The main objectives are to ensure that companies adopt effective policies and controls to identify, monitor and mitigate suspicious activity. The main responsibilities include:
- Knowledge of the Customer (KYC): collect and validate appropriate information on customers and beneficial owners, ensuring that the risk profile is correctly identified.
- Monitoring operations: monitor transactions and identify atypical or suspicious patterns.
- Enhanced due diligence: apply additional measures to high-risk customers, such as Politically Exposed Persons (PEPs).
- Mandatory reporting: report suspicious operations to the competent authorities, complying with legal deadlines and formalities.
- Continuous training: train employees to detect signs of ML/TF and correctly apply internal procedures.
In this way, compliance not only protects the company from legal and reputational risks, but also strengthens market confidence, contributing to the integrity of the financial system in which the insurance sector operates.

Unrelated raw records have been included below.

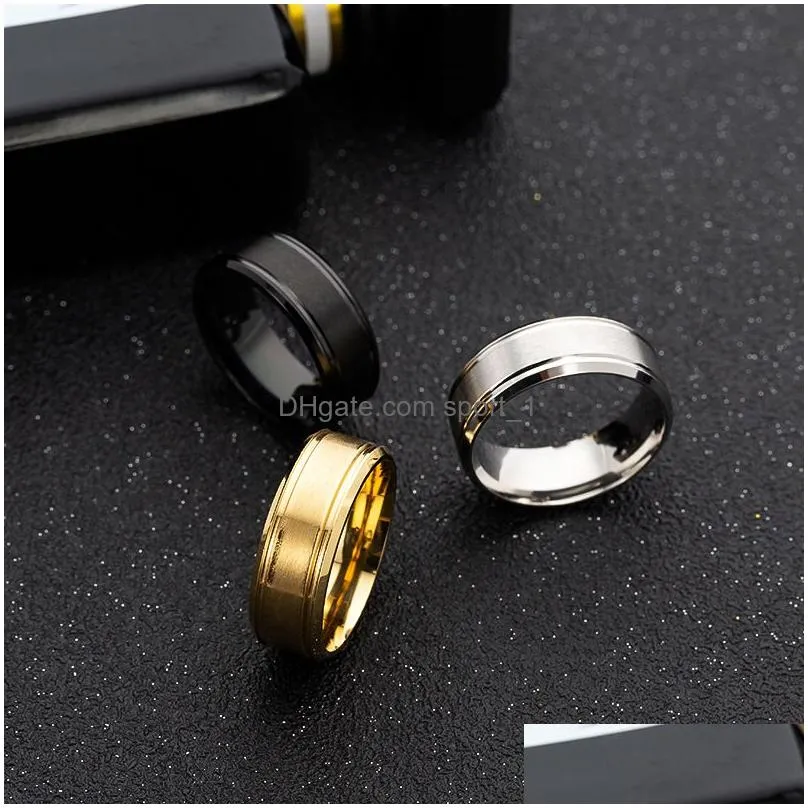 stainless steel matte ring simple gold rings women rings mens ring fashion jewelry will and sandy 080534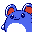 Blue cartoon character with red inner ears and white belly, smiling with closed eyes, shown in two side-by-side views with slight pose differences.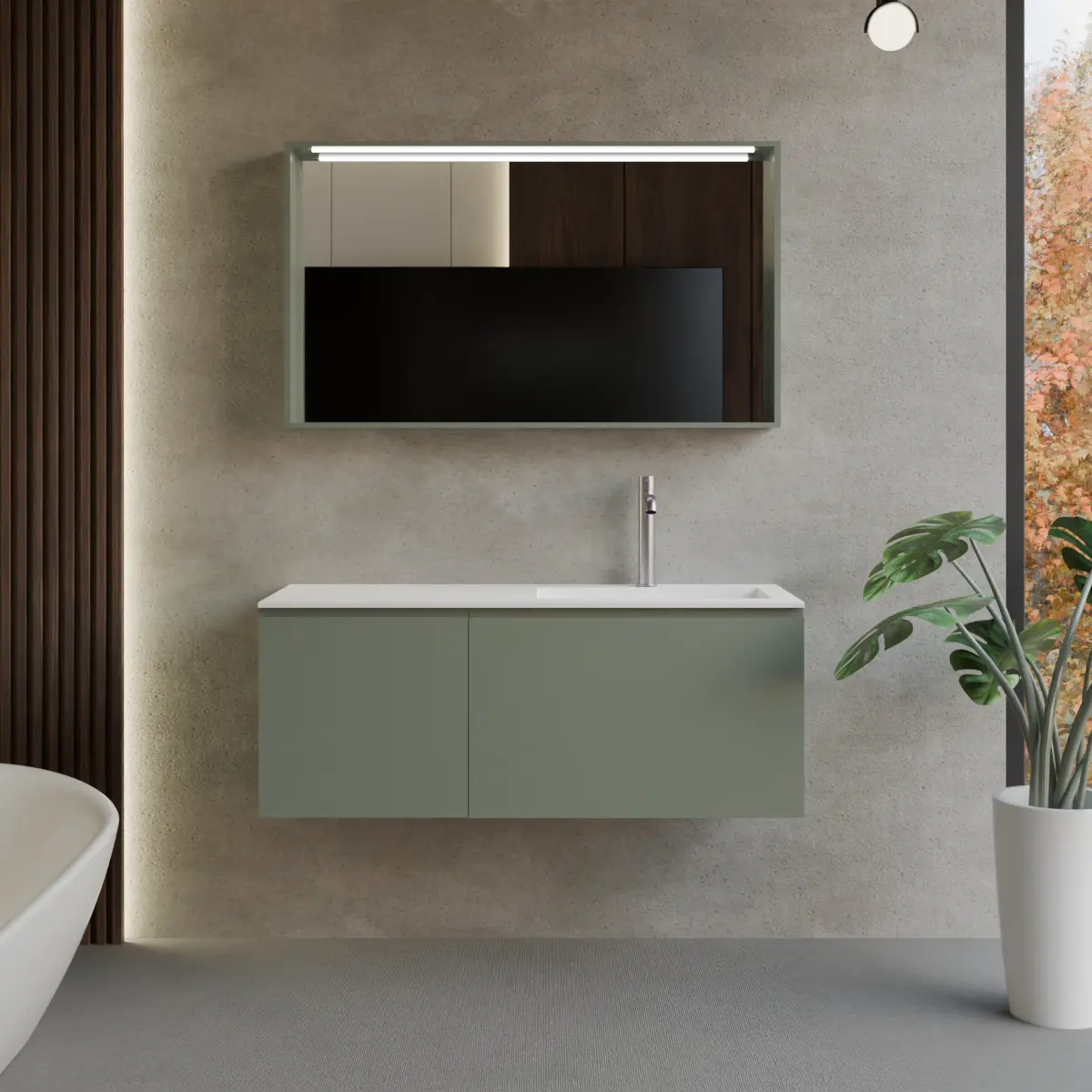 Meuble largeur 130cm, profondeur 46 cm, façades et structure en laqué mat RAL6021, poignée A, vasque intégrée code article CUBIK B343 en  tecnoril blanc. Miroir avec cadre en bois, lumière LED supérieure et capteur tactile, finition stratifiée ou laquée mate assortie au meuble. Contactez-nous pour une couleur différente; épaisseur : 13 cm.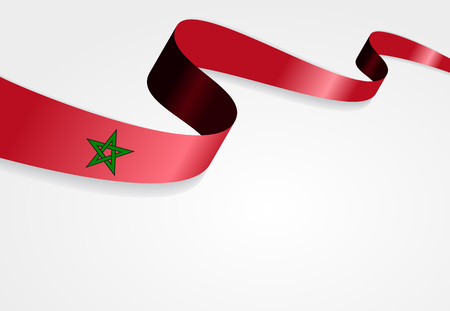 Moroccan flag wavy abstract background. Vector illustration.のイラスト素材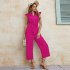 Women V neck Cropped Jumpsuit Elegant Ruffled Sleeves Lace up Coverall Simple Solid Color Button Jumpsuit green S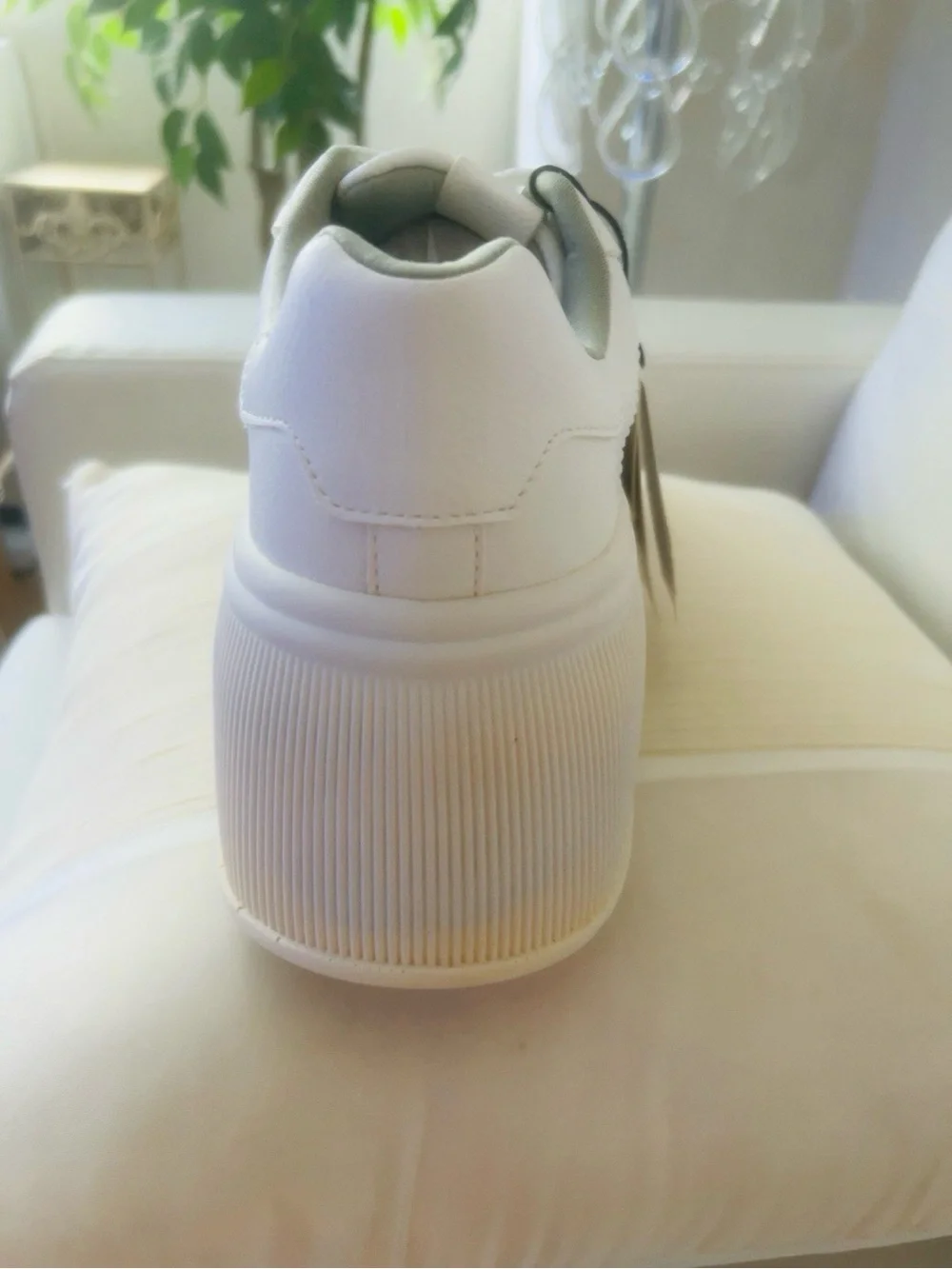 NEW. ZARA Women's White Platform Sneakers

Practical examples of suspicious operations in the insurance sector:
- Subscription to life insurance or capitalisation products with high value prizes paid in cash.
- Customers who cancel in advance life or capitalisation policies, requesting reimbursement on third-party accounts.
- Payment of premiums or redemptions involving international transfers from high-risk countries.
- Frequent changes of beneficiaries without plausible justification.
- Use of funds with non-transparent origins or disproportionate to the client's economic profile.